A luz lançada sobre o ponto cego da modernidade, destapa os pés de barro da tecnociência. Não, a humanidade jamais fará o upload da sua condição animal e biológica, para o mundo dos algoritmos, que aparece como uma espécie de neoplatonismo para programadores digitais. Aquilo que o covid-19 revela é a situação desesperada de uma humanidade para quem o relógio existencial está numa contagem decrescente cada vez mais sonora. Uma humanidade governada por gente como Trump e Bolsonaro, mas também por líderes de frieza implacável como Putin e Xi Ximping, para não falar dos insignificantes líderes tribais de uma Europa que nem sequer sabe para onde vai, é uma humanidade que dificilmente sobreviverá a um colossal desaire. Somos seres de carne e osso, frágeis até ao extremo da fome e do pânico, com uma cultura científica primitiva e grotesca, mas engalanada com uma arrogância infinita. Uma cultura científica que alimentou o mito de que poderíamos não só viver como “donos e senhores da Natureza”, mas, no limite, dispensando-a. No seu notável livro de 2019, A Terra Inabitável (Lua de Papel, 2019), David Wallace-Wells chamava a atenção para a muito provável relação das próximas epidemias com as alterações climáticas. Wallace-Wells deu como exemplo o misterioso caso do quase desaparecimento de uma espécie asiática de antílope-anão, designada por saiga. Em poucas semanas, durante o mês de Maio de 2015, dois terços destes antílopes apareceram mortos numa área correspondente ao estado da Florida. Depois de muitas hipóteses conspirativas e bizarras, a verdade factual foi apurada: os saigas morreram devido a uma bactéria que vive na sua fauna microbiana interna, a Pasteurella multocida. Esse micróbio vive normalmente alojado nas amígdalas dos saigas.

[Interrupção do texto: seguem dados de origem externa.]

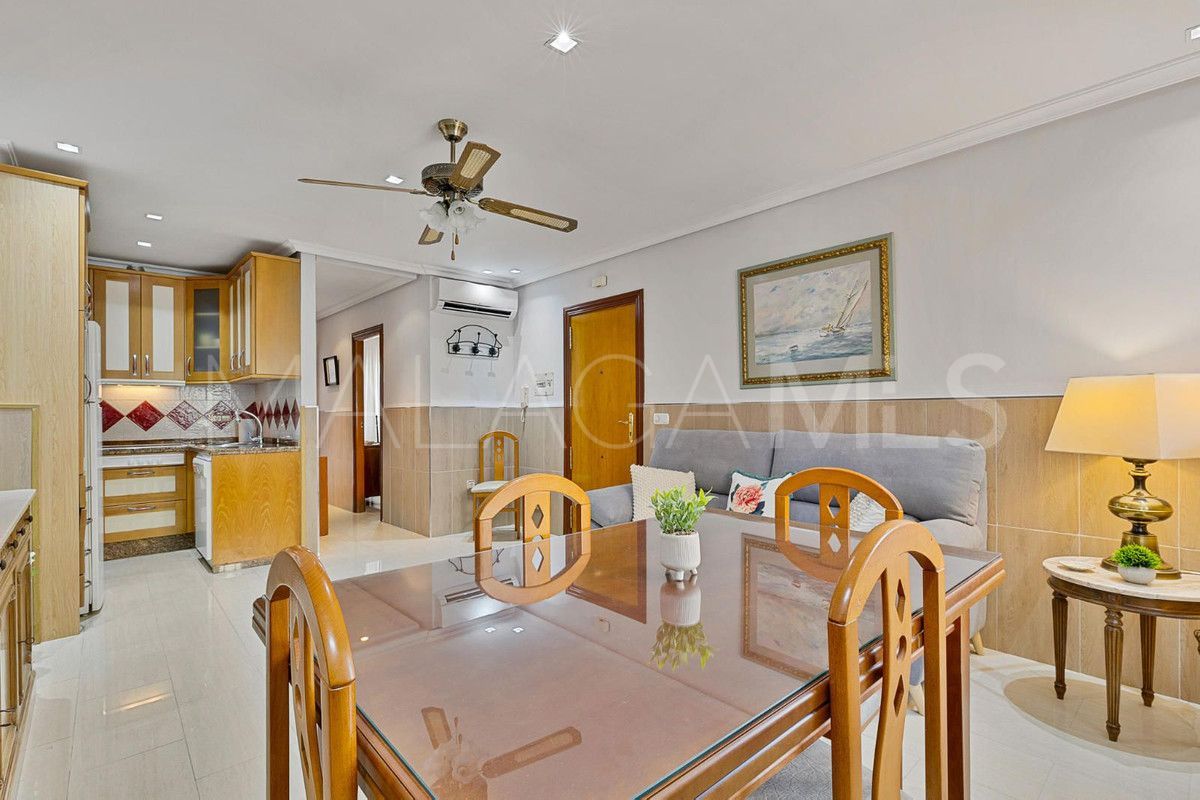 Se vende apartamento de 2 bedrooms in Fuengirola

Contudo, em virtude ao aumento da temperatura e da humidade, passou para a corrente sanguínea, destruindo órgãos vitais como o fígado, rins e baço. Fenómenos idênticos, de menor escala, tinham ocorrido em períodos quentes e húmidos em 1981 e 1988. Por mera curiosidade, no organismo humano existem mais bactérias do que células humanas. Sendo que, 99% dessas bactérias não foram ainda estudadas cientificamente. Muito menos, no que respeita ao seu comportamento face às alterações climáticas.

O sonho da Modernidade, mais do que de conhecimento foi de poderio, controlo e previsibilidade. O sonho transformou-se num pesadelo distópico e triturador, de que estamos a viver os primeiros sinais de desmoronamento, com o regresso à tragédia, à incerteza, aos golpes do indeterminismo e às crenças substitutivas do destino. Com toda a franqueza, talvez já seja demasiado tarde para imaginar que será possível um final feliz para todos os corpos, mas ainda podemos recuperar a honra e dignidade de algumas almas. Mas para isso, teremos de derrubar, definitivamente, o bezerro de ouro da tecnociência, deixando os seus incontáveis feiticeiros a falar para o seu umbigo.

Viriato Soromenho-Marques

Publicado no Jornal de Letras, die 6 de Maio de 2020, página 27.